I have a list with millions of numbers which are always increasing to the end, I need to find and return numbers within a specified range e.g. numbers greater than X but less than Y, the numbers in the list can change and the values I'm searching for change as well
I have been using this method, please note this is a basic example the numbers are not uniform or the same as shown below in my program
l = [i for i in range(2000000)]
nums = []
for element in l:
if element > 950004:
break
if element > 950000:
nums.append(element)
#[950001, 950002, 950003, 950004]
Although fast, I kind of need it to be a bit faster for what my program is doing, the numbers change a lot so I'm wondering if there's a better way to do this with a pandas series or a numpy array? but so far all I've done is make an example in numpy:
a = numpy.array(l,dtype=numpy.int64)
Would a pandas series be more functional? Making use of query()? what would be the best way to approach this with an array as opposed to a python list of python objects
解决方案
Here is a solution using binary search. You are speaking of millions of numbers.
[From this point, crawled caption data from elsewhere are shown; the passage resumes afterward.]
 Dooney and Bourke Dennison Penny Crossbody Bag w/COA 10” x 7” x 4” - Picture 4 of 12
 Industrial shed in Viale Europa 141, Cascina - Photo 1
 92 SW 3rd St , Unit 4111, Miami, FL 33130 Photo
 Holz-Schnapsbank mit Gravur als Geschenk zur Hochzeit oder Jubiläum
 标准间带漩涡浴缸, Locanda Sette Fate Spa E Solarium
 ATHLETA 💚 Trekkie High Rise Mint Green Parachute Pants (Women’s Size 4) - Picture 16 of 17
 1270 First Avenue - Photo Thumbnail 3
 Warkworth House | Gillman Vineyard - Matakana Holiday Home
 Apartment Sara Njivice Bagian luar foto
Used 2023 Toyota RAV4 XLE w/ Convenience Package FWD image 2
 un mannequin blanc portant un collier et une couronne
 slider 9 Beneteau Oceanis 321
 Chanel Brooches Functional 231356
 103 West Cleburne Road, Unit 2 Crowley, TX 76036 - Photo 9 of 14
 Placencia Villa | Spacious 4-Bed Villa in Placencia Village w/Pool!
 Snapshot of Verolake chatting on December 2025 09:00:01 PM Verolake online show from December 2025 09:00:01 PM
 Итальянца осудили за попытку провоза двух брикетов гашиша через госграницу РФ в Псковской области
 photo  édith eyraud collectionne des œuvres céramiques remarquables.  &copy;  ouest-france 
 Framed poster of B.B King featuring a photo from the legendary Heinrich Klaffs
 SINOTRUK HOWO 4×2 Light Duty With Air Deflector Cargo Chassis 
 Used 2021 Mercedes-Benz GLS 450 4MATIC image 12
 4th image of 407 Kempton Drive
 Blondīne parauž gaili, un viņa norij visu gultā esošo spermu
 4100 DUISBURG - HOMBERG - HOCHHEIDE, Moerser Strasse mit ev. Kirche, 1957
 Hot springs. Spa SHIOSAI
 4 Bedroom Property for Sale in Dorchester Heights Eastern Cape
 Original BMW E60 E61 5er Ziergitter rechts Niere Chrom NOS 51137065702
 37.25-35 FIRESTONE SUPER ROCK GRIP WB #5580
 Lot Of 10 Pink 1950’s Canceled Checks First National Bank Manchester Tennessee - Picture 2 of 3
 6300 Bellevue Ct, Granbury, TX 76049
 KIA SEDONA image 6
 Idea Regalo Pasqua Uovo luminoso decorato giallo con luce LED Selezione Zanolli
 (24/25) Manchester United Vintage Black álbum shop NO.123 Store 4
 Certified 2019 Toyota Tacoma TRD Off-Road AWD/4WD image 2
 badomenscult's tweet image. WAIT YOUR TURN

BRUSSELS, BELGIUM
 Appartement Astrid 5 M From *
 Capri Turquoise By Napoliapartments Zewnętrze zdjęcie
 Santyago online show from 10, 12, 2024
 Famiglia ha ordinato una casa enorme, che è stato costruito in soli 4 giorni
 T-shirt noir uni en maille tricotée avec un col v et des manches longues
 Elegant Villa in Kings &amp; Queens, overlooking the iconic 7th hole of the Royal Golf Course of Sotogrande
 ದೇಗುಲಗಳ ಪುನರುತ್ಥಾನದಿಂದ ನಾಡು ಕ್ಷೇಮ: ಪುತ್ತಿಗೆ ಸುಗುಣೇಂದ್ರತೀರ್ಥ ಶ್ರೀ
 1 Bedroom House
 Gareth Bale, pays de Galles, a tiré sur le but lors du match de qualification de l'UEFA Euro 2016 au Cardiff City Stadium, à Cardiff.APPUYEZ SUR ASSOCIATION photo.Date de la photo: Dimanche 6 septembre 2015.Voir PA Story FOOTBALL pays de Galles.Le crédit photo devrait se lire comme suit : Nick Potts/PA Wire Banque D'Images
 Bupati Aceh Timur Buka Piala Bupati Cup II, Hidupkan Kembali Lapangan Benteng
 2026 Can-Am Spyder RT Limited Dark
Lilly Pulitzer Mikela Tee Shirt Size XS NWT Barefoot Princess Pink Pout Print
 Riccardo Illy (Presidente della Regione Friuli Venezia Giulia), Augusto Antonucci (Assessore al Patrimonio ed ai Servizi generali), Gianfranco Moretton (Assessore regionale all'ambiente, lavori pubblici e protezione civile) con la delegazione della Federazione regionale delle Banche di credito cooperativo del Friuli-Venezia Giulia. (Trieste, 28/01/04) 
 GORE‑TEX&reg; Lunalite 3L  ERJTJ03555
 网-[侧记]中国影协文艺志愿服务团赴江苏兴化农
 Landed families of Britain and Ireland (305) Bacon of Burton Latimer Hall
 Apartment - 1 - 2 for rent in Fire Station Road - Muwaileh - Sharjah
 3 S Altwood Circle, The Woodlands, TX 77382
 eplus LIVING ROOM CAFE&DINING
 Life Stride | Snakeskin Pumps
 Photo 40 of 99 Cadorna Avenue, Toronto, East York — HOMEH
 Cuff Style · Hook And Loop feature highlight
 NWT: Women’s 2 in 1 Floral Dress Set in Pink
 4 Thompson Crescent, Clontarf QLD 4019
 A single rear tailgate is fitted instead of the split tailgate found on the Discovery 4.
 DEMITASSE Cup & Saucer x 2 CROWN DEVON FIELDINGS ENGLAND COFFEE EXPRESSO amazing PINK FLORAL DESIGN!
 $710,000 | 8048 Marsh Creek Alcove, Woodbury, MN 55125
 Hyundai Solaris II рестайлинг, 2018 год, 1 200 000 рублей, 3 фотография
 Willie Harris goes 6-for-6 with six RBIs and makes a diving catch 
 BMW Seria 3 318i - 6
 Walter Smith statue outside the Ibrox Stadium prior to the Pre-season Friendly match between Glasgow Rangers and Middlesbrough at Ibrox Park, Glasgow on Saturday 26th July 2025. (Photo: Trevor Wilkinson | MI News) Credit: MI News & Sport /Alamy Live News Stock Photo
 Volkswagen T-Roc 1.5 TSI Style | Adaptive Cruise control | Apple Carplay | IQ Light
Technically binary search will make the algorithm faster by decreasing the runtime complexity to O(log n) neglecting the final slicing step.
import bisect
l = [i for i in range(2000000)]
lower_bound = 950000
upper_bound = 950004
lower_bound_i = bisect.bisect_left(l, lower_bound)
upper_bound_i = bisect.bisect_right(l, upper_bound, lo=lower_bound_i)
nums = l[lower_bound_i:upper_bound_i]